İnsanı  sevmeyenin bu mesleği yapmaması gerektiği fikrindeyim. Yaptığı haberler ile bir insanın hayatını olumsuz ve olumlu değiştirebilecek bir mesleğe sahibiz. Önemli olan bu meslekten ayrıldıktan sonra sokakta ki insanların sana yaklaşımı mesleğini layıkıyla yapıp yapmadığının göstergesidir. Ben Allah’a şükrediyorum ki mesleğimde yaptığım hiçbir haberden olumsuz bir dönüş almadım. İşte beni en çok mutlu ve huzurlu yapan da bu  durum.

Emeğiyle hayatta başarı elde eden, kimsenin sırtına basmadan, birilerinin emeğini sömürmeden, kimsenin himayesine gerek duymadan, başarılı olanları kutluyorum

Duygularını haberine yansıtamayan, empati yapma duygusu olmayan bir insanın,  bu mesleği yapmaması gerektiğini düşünüyorum!!!diyerek Yörükçü  son sözlerini bağladı.

ALİ AKDEMİR YORUM

Bende bu mesleğin  okulana   gitmeden, Almanya’da ilk yerel Türkçe gazeteyi ( Pazar Postası ) çıkaran Hüseyin Dörtyol’un teşvik ve yardımlarıyla yazı yazmağa başladım. Asli mesleğim olmamasına rağmen, yaklaşık 25 yıldır’da haber ve köşe yazılarımla medya sektöründe  varlığımı sürdürmeye  çalışıyorum.

 Bazıları için,  gazeteci olmak,   herhangi bir diplomaya ihtiyaç duymadan,  her istediğin konuda ahkam kesebilmektir. Hakimden daha hakim, doktardan daha doktor, futbolcudan daha topçu, kraldan daha kralcı olmaktır.

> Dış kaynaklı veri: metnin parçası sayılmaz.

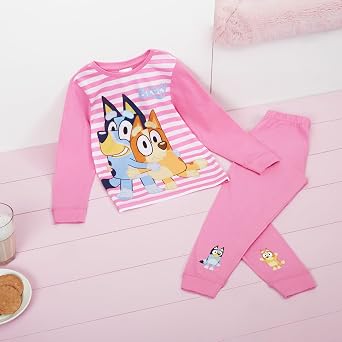 Bluey Pajama Set for Girls Toddlers Long 2 Pc PJs Comfy Lounge Set Loungewear Soft Pajamas Nightwear PJ Gifts for Girls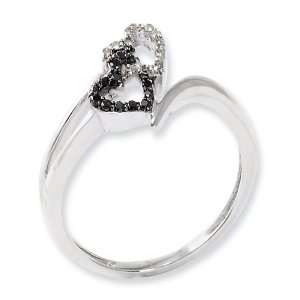    Sterling Silver Black & White Diamond Heart Ring Size 6: Jewelry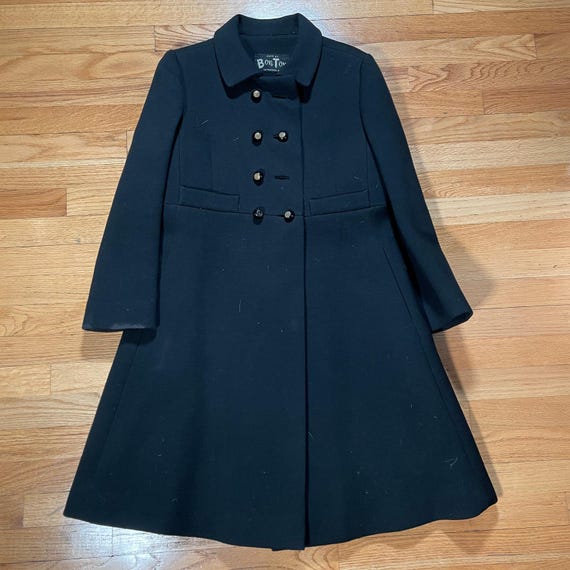 Vintage 50s Womens Wool Overcoat Furs by Bon Ton New Jersey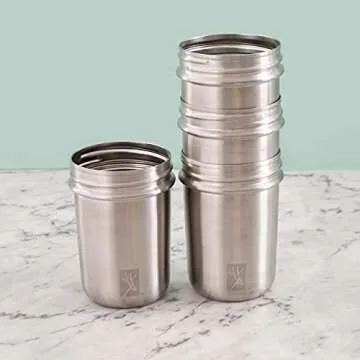 Elk and Friends Stainless Steel Cups | 10 oz Mason Jar design | Kids & Toddler Cups with Silicone Sleeves & Straws with Stopper | Smoothie Cups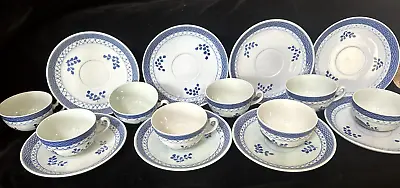 Buy Royal Copenhagen TRANQUEBAR BLUE Cup & Saucers  #957 2 1/4  Lattice Lot Of 8 • 93.78£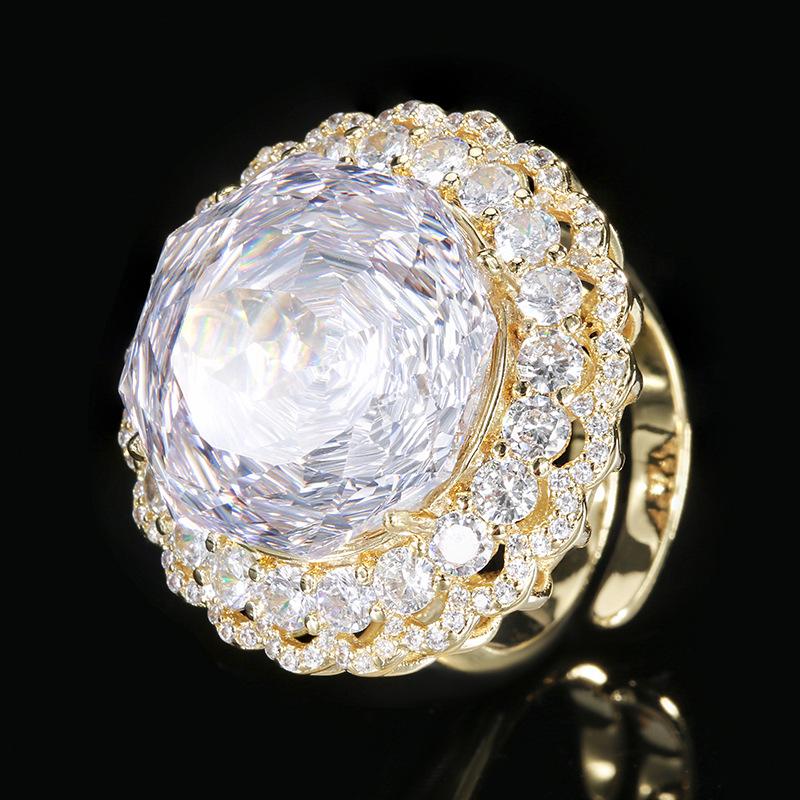 

Popular Jewelry Copper Bottom Gold-Plated Rose Cut Light Luxury Gold Set Heroine Stone 18Mm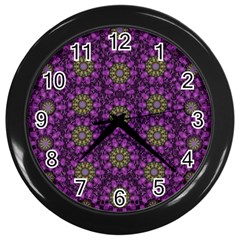 Ornate Heavy Metal Stars In Decorative Bloom Wall Clock (black) by pepitasart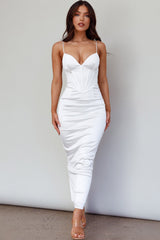 Seraya Lace-Up Back Dress White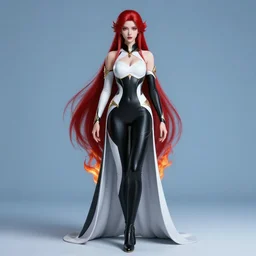 Full body Portrait of a female elementalist, black-white skintight robes!, leggins, golden accessories, fiery red hair, long straight hair, sculptured face, blue eyes, red lipstick, floating, fire and ice split evenly!, dual magics, extremely detailed, by frank franzzeta, WLOP, Genzoman and gary gygax, trending on artstation, artstationHD, artstationHQ, deviantart, 16K, HD, matte painting, vibrant colors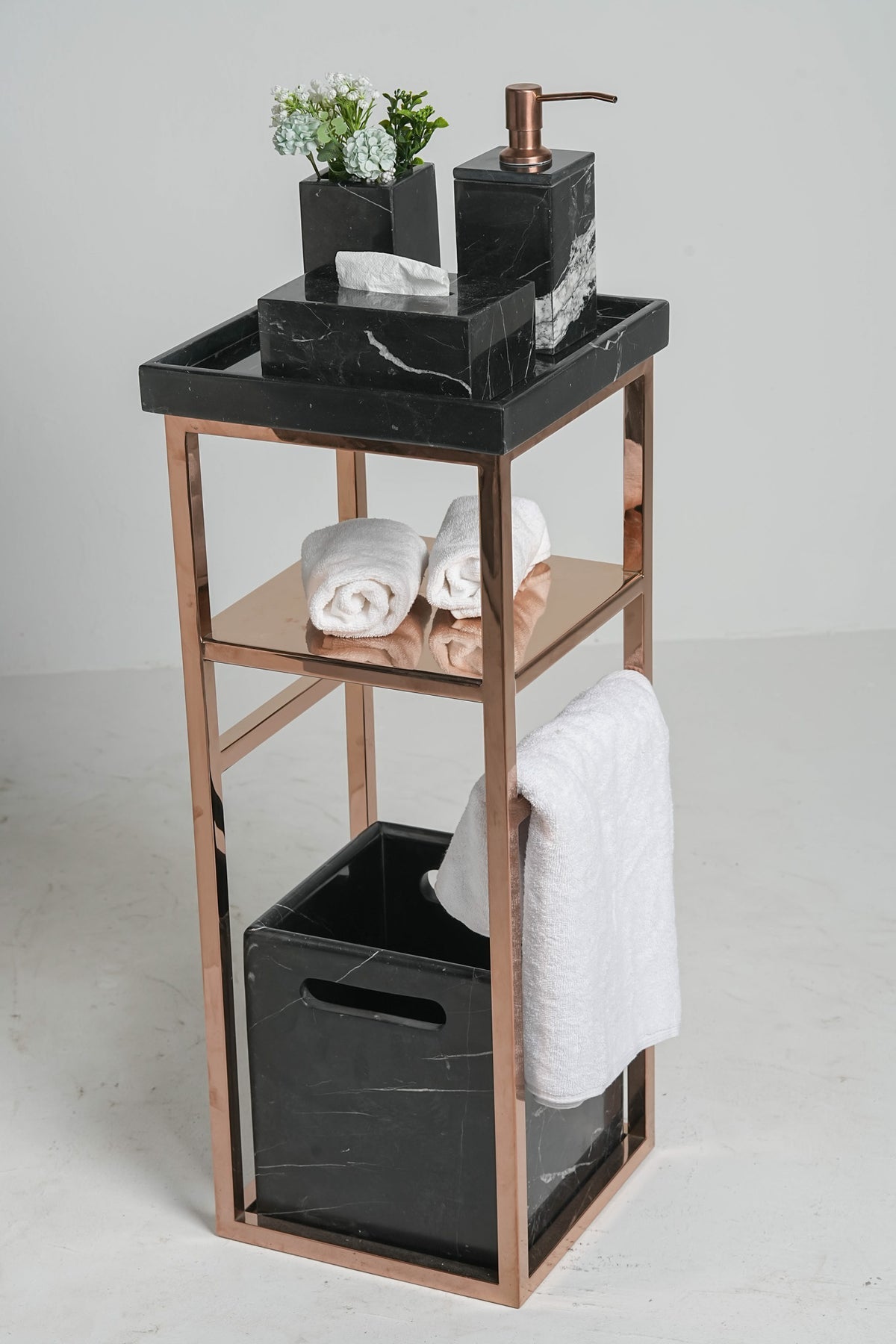 Grand Imperial Black Spanish Marble Bath Set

Ama bazı gazeteciler için ise,  gazetecilik onurlu ve saygın bir meslektir.  Ülkemizde uçuk paralar kazanan bir kaç köşe yazarını dışarıda tutarsak,  muhabir  gazeteciler  sosyal hiç bir güvencesi olmayan, bir ayağı çukurda olan meslek grubu mensubudur.  Öyleki mesleğe yeni başlıyan  gazetecilerin, 1- 2 yıl bile kadro bekleyip, maaşsız çalıştırıldığı duyumlarını  alıyoruz.

Emeğe değerin azaldığı son yıllarda, emeğe saygı duyan ve değer veren, mesleğini insan olarak kalarak sürdüren,  Saadet Yörükçü gibi  insanların var olduğunu bilmek güzel bir duygu.

Kimseye eğilmeden,  bükülmeden, kalemini satmadan, genç yaşlardan itibaren sürdürdüğü gazetecilik mesleğinde  elde ettiği başarısıyla.  büyük bir saygınlık kazanan Saadet Yörükçüyü kutluyorum ve başarılarının devamını diliyorum.